Doing Business In Switzerland

The article gives you information on Doing Business In Switzerland. One of the most stable modern market economies with a low unemployment rate today is Switzerland. This peaceful and prosperous nation has a highly skilled labor force and an impressive per capita GDP. Moreover, the country has reformed its economic practices to increase their competitiveness in the international market and conform to EU standards. If you are looking to invest in a business then Switzerland is one of the safest places to watch your investments grow.

Doing Business In Switzerland

Among the main sectors that are open for business are bio-industries, agriculture, seafood products, consumer products, food & beverages, advanced manufacturing technologies, health industries, and information technology. Switzerland has four official languages namely German, French, Romansch, and Italian. The diversity that these cultures bring has made Switzerland a major market in Europe for testing new technology products and services that are launched in Europe.

The Swiss are known to be conservative despite their openness towards technology and adhere to the rules of business. So, if you are going to do business in Switzerland you need be aware of how you ought to go about it. To begin with, the Swiss believe in being punctual so make sure you are early for an appointment. Arrive twenty minutes ahead and you are sure to impress your Swiss client. However, make sure you work on appointments only, since the Swiss believe in meeting with prior appointment only.

When attending a business meeting for the first time, make sure to avoid casual attire unless the industries are IT or the arts where jeans or casual attire are standard. Be polite when conversing and refrain from asking personal questions. The Swiss respect privacy and will not start up any conversation about your personal life. In a business meeting make sure you stick to etiquette and wait to air your point of view. You can be certain of receiving full attention from your Swiss partner, and they will rarely forget the minutes of your meeting.
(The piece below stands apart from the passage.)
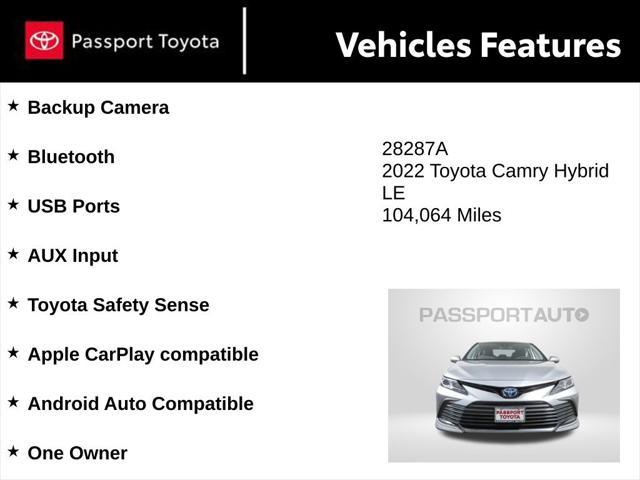 used 2022 Toyota Camry car, priced at $19,990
When it comes to striking a business deal in Switzerland, remember that the German and French Swiss are logical thinkers, while the Italian Swiss like to get personally involved in business deals. Make sure you bring plenty of business cards to each meeting. Include your rank and the founding date of your company so that they are aware of how long you have been in business. It would be prudent to find out in advance if the businessmen you are to meet are proficient in English. If not, it would be wise to have an interpreter with you.

At a meeting you can expect a Swiss to get down to business immediately (I remember one instance where a Swiss IT manager registered a trademark in the middle of a meeting, because he ‘wanted to get started right away’)! Remember, the Swiss don’t like taking risks and you will need to provide enough information on your business plan or procedure. A good ploy is to summarize your presentation before you go into the finer details. The Swiss are good at making deals, never make hasty decisions or succumb to any pressure tactics. Keep these factors in mind and you will soon be well on your way to striking a successful business deal with your Swiss counterpart.